Instructions for the task
Could the listing below be returned exactly, with its pictures left out?

Supplied material
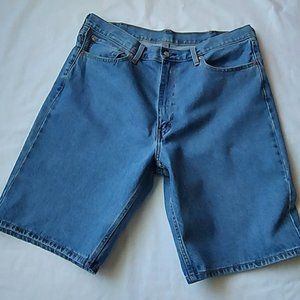 Levi's men's size 38W, 469 shorts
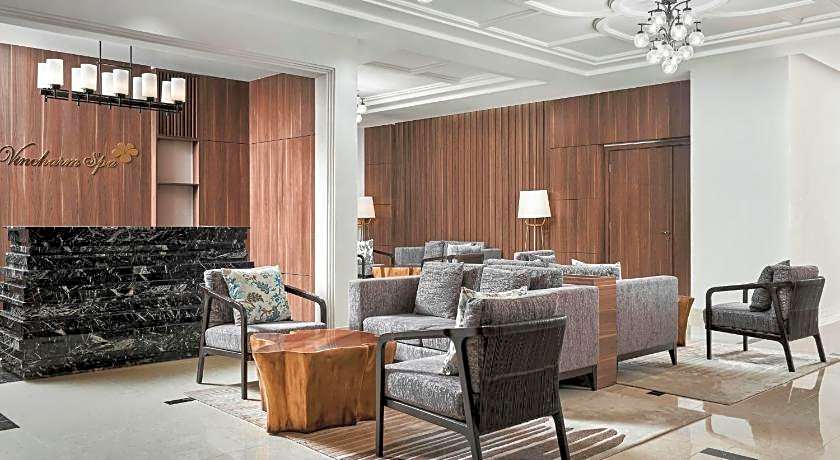 Four Points by Sheraton Lang Son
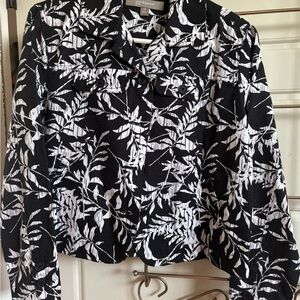 Croft & Barrow Black and White Boxy Crop Button Down Shirt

Exercise output
 Levi's men's size 38W, 469 shorts
 Four Points by Sheraton Lang Son
 Croft & Barrow Black and White Boxy Crop Button Down Shirt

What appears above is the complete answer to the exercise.